• WHAT THIS TASK INVOLVES
Output exactly, and only, the lines below from the one with "Buy stock photo" down to the one with "Load image into". Include both end lines and no pictures.

★ ★ ★

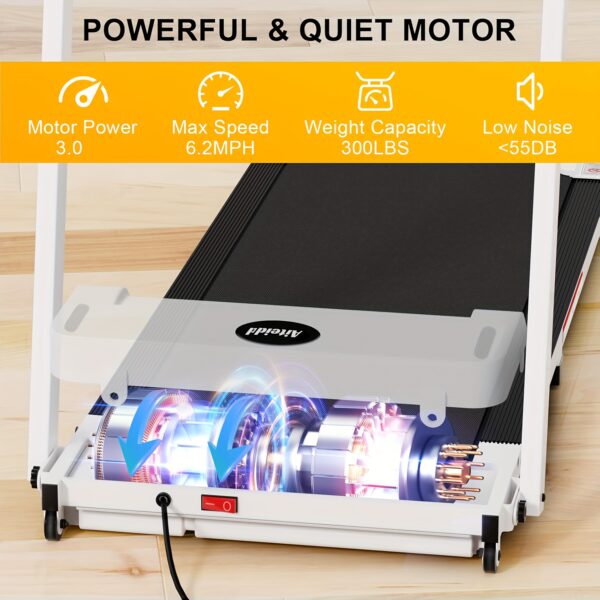 [Portable Treadmill] 1pc Portable Treadmill | LED Touch Screen, 3.0HP Motor, 300+ lbs Capacity - Under Desk Design, No Assembly Required, Aluminum Frame for Home Gym/Office Use, White/Black, Treadmills for Home Exercise - Image 6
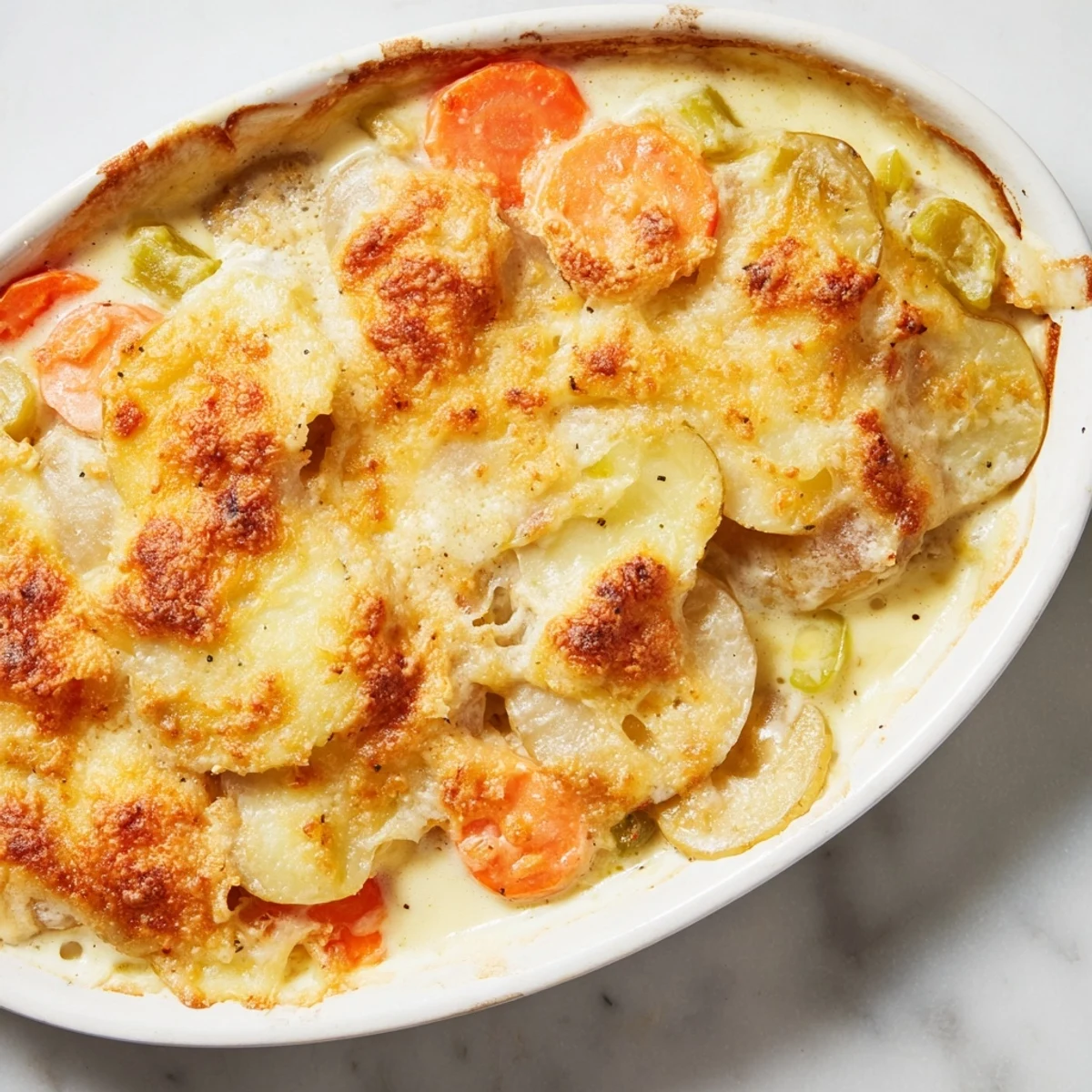 Golden, bubbly Winter Vegetable Gratin, a comforting baked dish with a crisp, crunchy topping.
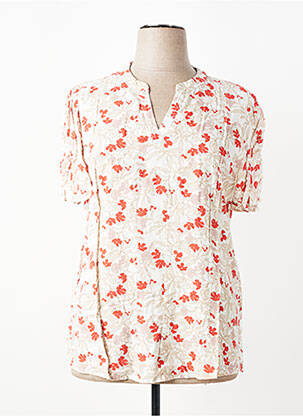 T-shirt imprimé fantaisie manches courtes blanc CISO femme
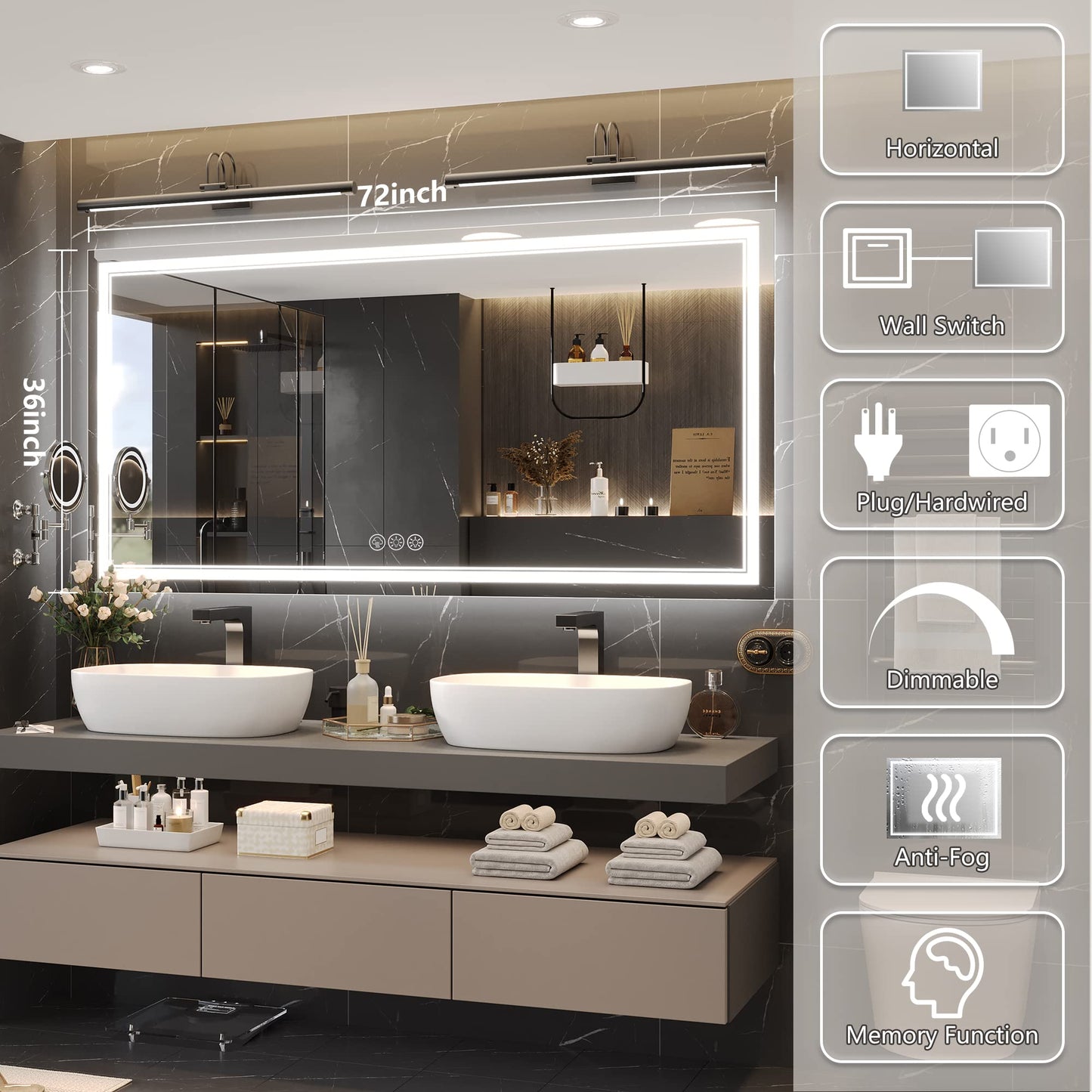 110x40" LED Bathroom Mirror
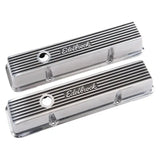 Polished aluminum Edelbrock Valve Cover Elite II Series Chevrolet 1959-86 V8
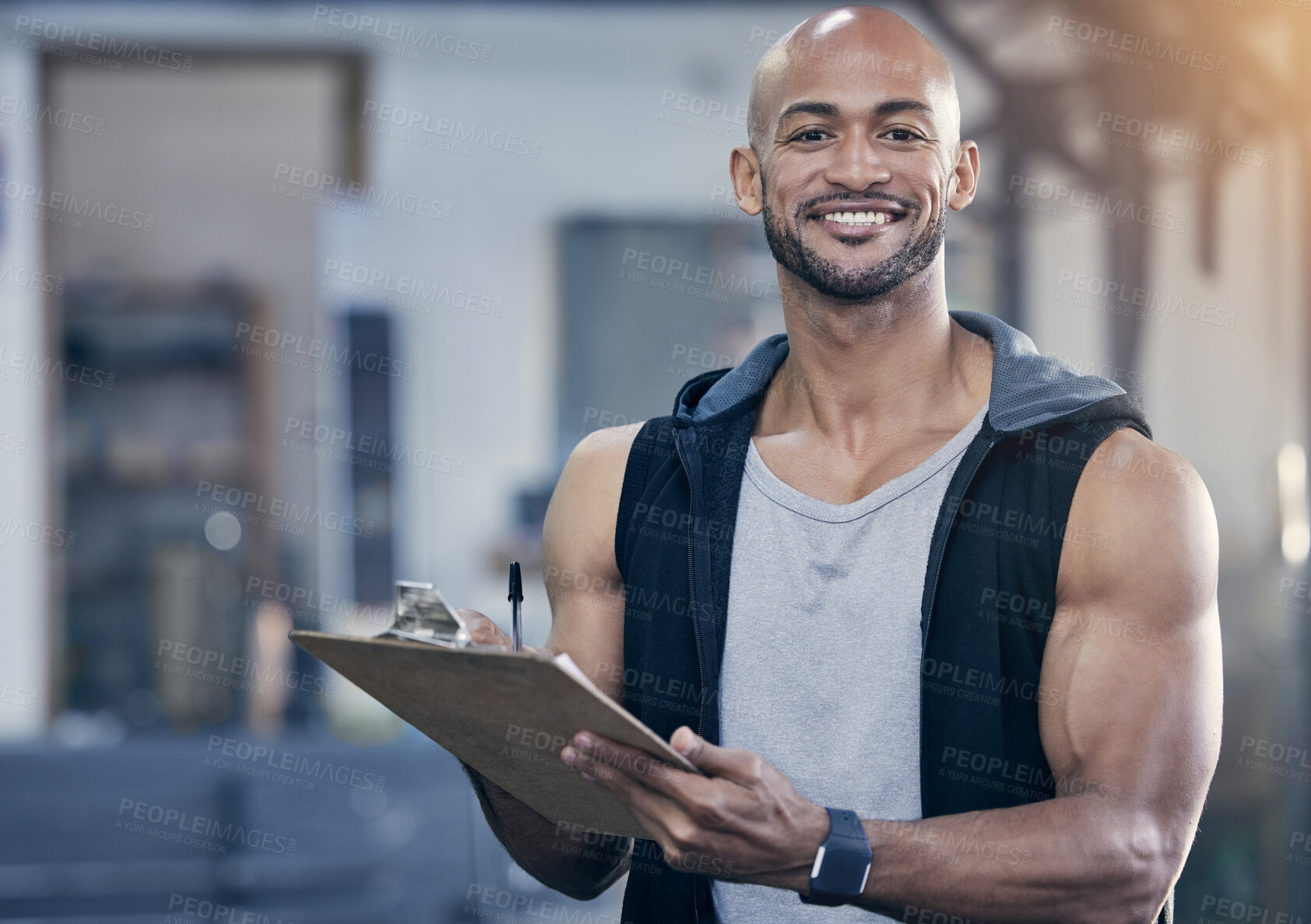 Buy stock photo Man, clipboard and portrait in gym with writing notes for client appointment, strong body and training job. Personal trainer, paperwork and admin in wellness club for fitness business and bald worker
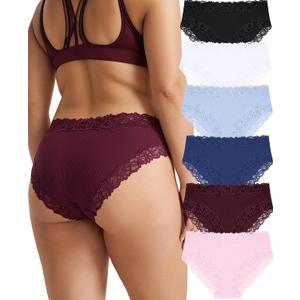 Cotton Underwear for Women Sexy Bikini Panties Lace Waist Lingerie Ladies (L)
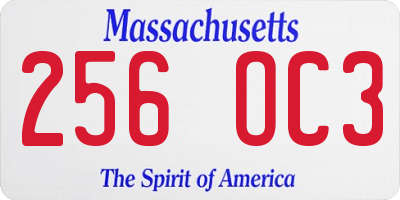 MA license plate 256OC3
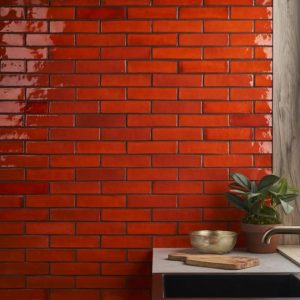 Backsplash & Kitchen | 1 sq. ft. Emery Orange 2×8 Handmade Crackled Terracotta Polished Subway Tile Orange Backsplash & Kitchen Backsplash & Kitchen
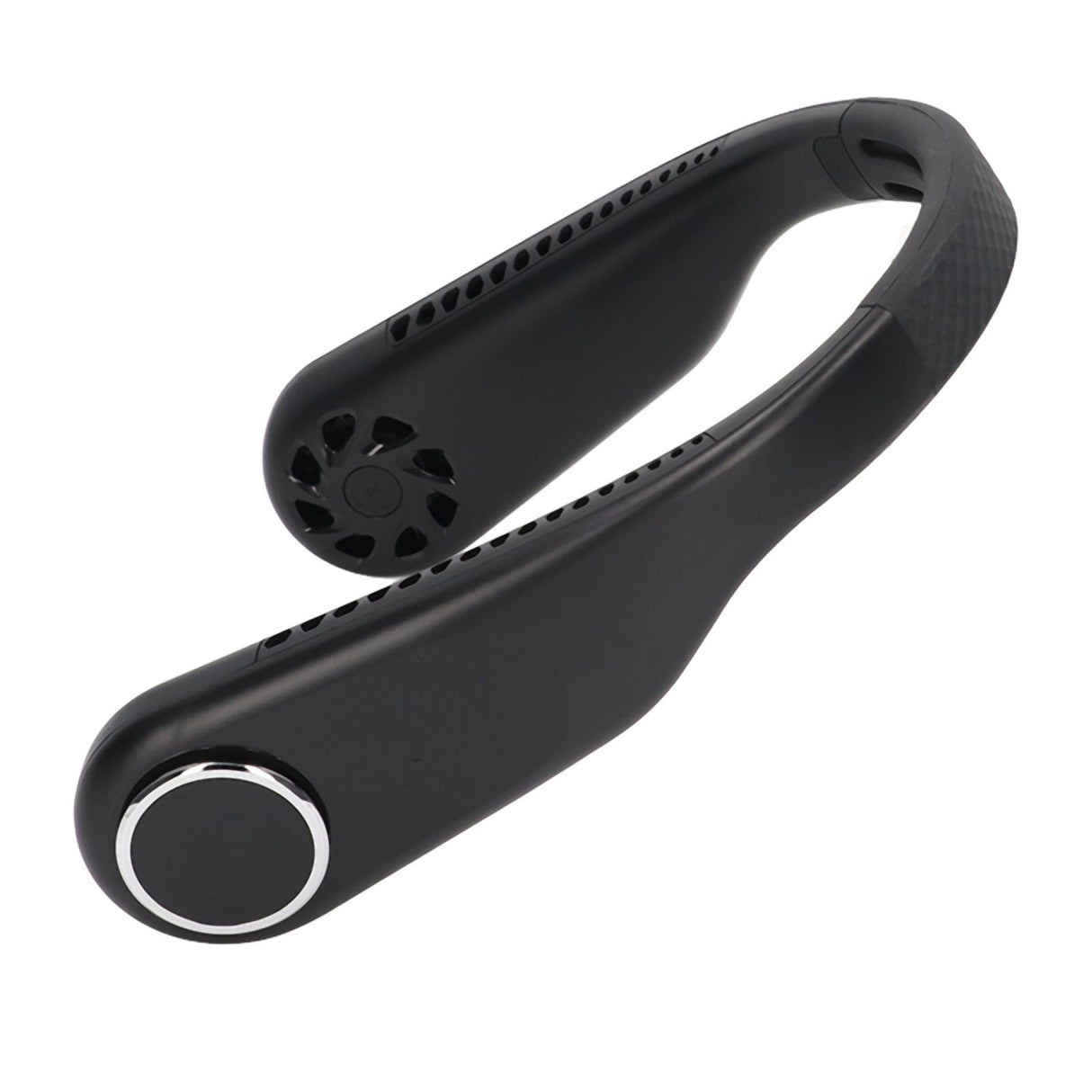 Hanging Neck Fan 3 Modes USB Charging 3600mAh Battery Adjustable Angle Mute Design Face Fan for Home Office Travel Black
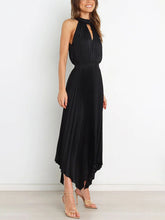 Load image into Gallery viewer, New Women&#39;s Folded Solid Color Sleeveless Halterneck V-neck Irregular Skirt Dress +
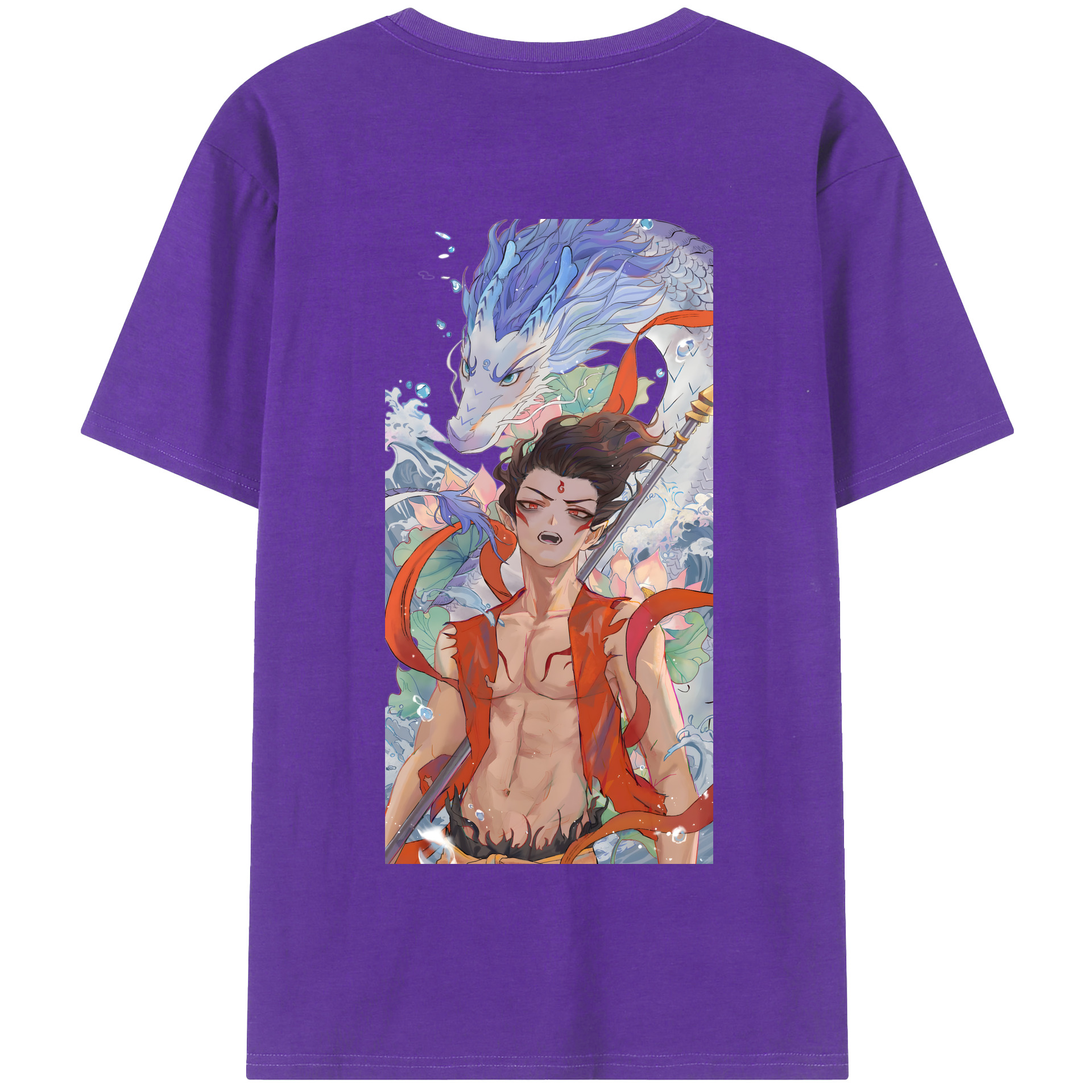 （画像用） Ne Zha 2 ナタ 魔童の大暴れ 綿100％半袖Tシャツ（背面プリント）
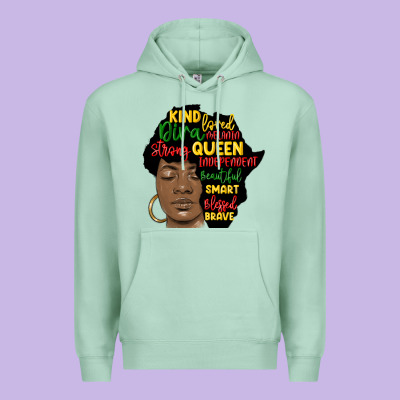 Black Woman Africa Silhouette Premium Hoodie Designed By Maliassmallbusiness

★ ★ ★

• ANSWER AREA
 Buy stock photo Man, clipboard and portrait in gym with writing notes for client appointment, strong body and training job. Personal trainer, paperwork and admin in wellness club for fitness business and bald worker
 Cotton Underwear for Women Sexy Bikini Panties Lace Waist Lingerie Ladies (L)
 MA license plate 256OC3
 Backsplash & Kitchen | 1 sq. ft. Emery Orange 2×8 Handmade Crackled Terracotta Polished Subway Tile Orange Backsplash & Kitchen Backsplash & Kitchen
 Hanging Neck Fan 3 Modes USB Charging 3600mAh Battery Adjustable Angle Mute Design Face Fan for Home Office Travel Black
 Load image into Gallery viewer, New Women&#39;s Folded Solid Color Sleeveless Halterneck V-neck Irregular Skirt Dress +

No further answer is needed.